In conclusion, there is an interaction between the co-pyrolysis of PET and biomass. Biomass starts to degrade at a relatively low temperature compared to PET and produces OH radicals, which then interact with the H radicals of PET to facilitate the degradation process of PET, allowing it to be broken down into small molecules more quickly than in the case of pyrolysis alone. This also increases the yield of levoglucan and promotes the dehydration of levoglucosan to levoglucan saponin. Additionally, the co-pyrolysis of PET with biomass is highly beneficial for the yield of carbon materials. Compared to biomass pyrolysis alone, co-pyrolysis with PET not only enhances the yield of carbon materials but also modifies the physical properties of carbon materials. This means that the co-pyrolysed carbon materials have a higher specific surface area and cation exchange capacity, which increases the adsorption capacity of the carbon materials. The adsorption capacity of carbon materials is thereby improved. The interaction between PET and biomass also stabilizes the free radicals within char, allowing it to be degraded at lower temperatures.

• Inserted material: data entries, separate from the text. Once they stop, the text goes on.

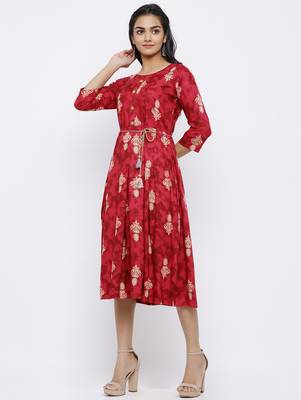 Women's Rayon Printed A-line Kurta Dress (Red) 4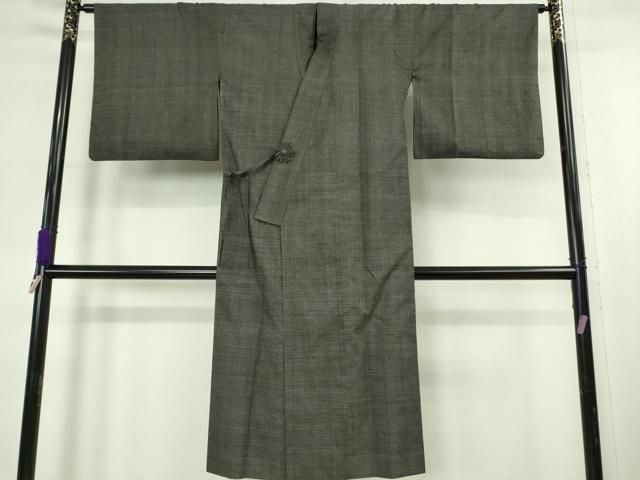 平和屋本店∞希少 本場結城紬 重要無形文化財 道中着 ロング丈 160亀甲 総詰め 檳榔子染色地 反端付き 逸品 DZAB6738kh6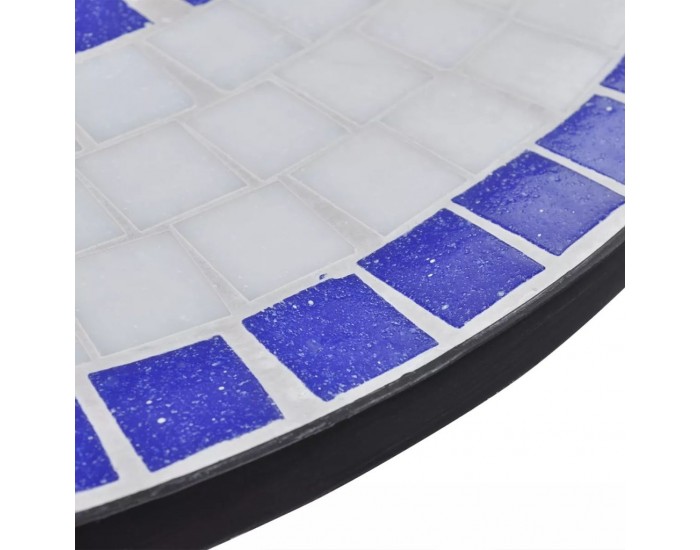 Градинска маса, плот мозайка, цвят син и бял, 60 см -
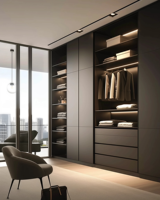 Système de dressing de luxe en bois massif, armoire sur mesure, service de conception gratuit pour villa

Biomass and PU. The co-pyrolysis of PU with biomass is beneficial for the production of nitrogen-containing carbon materials, which could be effectively used in electrochemical or carbon dioxide capture technologies. Unlike polyolefin and polyester plastics, the incorporation of nitrogen-containing plastics into the biomass pyrolysis process leads to a reduction in the production of bio-oils.⁷⁷ In addition, as with PET, the co-pyrolysis of PU with biomass can result in increased carbon material production. And it was also found that PU completely eliminated aldehydes and sugars, and significantly reduced the production of ketones, acids, and phenolics.⁷⁸ The addition of nitrogen-containing plastics increases the carbon material yield and increases nitrogen in biochar.⁷⁹ In conclusion, the co-pyrolysis of PU with biomass leads to the production of nitrogenous carbon materials, which can be utilized in electrochemical or carbon dioxide capture technologies and the addition of nitrogenous plastics decreases the yield of bio-oils.

Co-pyrolysis for bio-oil

The co-pyrolysis of PP, PE which includes HDPE and LDPE, and PS together with biomass appears to be more favorable for increased bio-oil generation.⁸⁰ The polyolefin plastic inhibits polymerization and cross-linking reactions between the biomass components through encapsulation, thereby suppressing carbon material formation and enhancing bio-oil production.⁸¹ Though all polyolefin plastic waste significantly enhances the hydrocarbon content of bio-oils and decreases oxygenated compounds, the difference lies in the fact that PE and PP facilitate the formation of aliphatic hydrocarbons, while PS promotes the formation of aromatic hydrocarbons.⁸² Free radical interactions during co-pyrolysis can lead to improved bio-oil yield and stability.⁸³ Generally, PP, PE, and PS provide in situ hydrogen during co-pyrolysis with biomass as a means to increase the ratio of H to C in the pyrolysis products, thereby resulting in enhanced bio-oil yields and an increased calorific value of the bio-oils.²⁹

In the case of PP, as the temperature progressively ascends, cellulose and the like start to undergo a pyrolysis procedure, and the long bonds of PP begin to fracture, and the two come into contact and interact.⁸⁴ As the temperature progressively attained a level above 500–800 °C, the interaction between cellulose and PP gave rise to an augmentation in bio-oil yield. In this process, the extraction reaction of hydroxyl, hydrogen, and methyl groups is promoted, which consequently results in an increase in the yield of bio-oils.⁸⁵ Furthermore, the cooperative impacts of the co-pyrolysis of PP and biomass typically contribute to the diminution of activation energy in the reaction procedure. The synergistic effect is also manifested in the conveyance of hydrogen from the plastic, which leads to the bio-oils obtained from the mixture of wood and PP generally being hydrogen-rich.²⁸ A study of the pyrolysis of tobacco and PP revealed a significant reduction in activation energy compared to the pyrolysis of tobacco alone.⁸⁶ The co-pyrolysis of lignin and PP was subjected to an in-depth investigation; the synergistic effect of this process resulted in higher yields of liquid bio-oils and lower yields of char.³⁴ This indicates that plastic waste and biomass demonstrate favorable synergies for enhancing the yields of hydrocarbons and the feed conversion rates.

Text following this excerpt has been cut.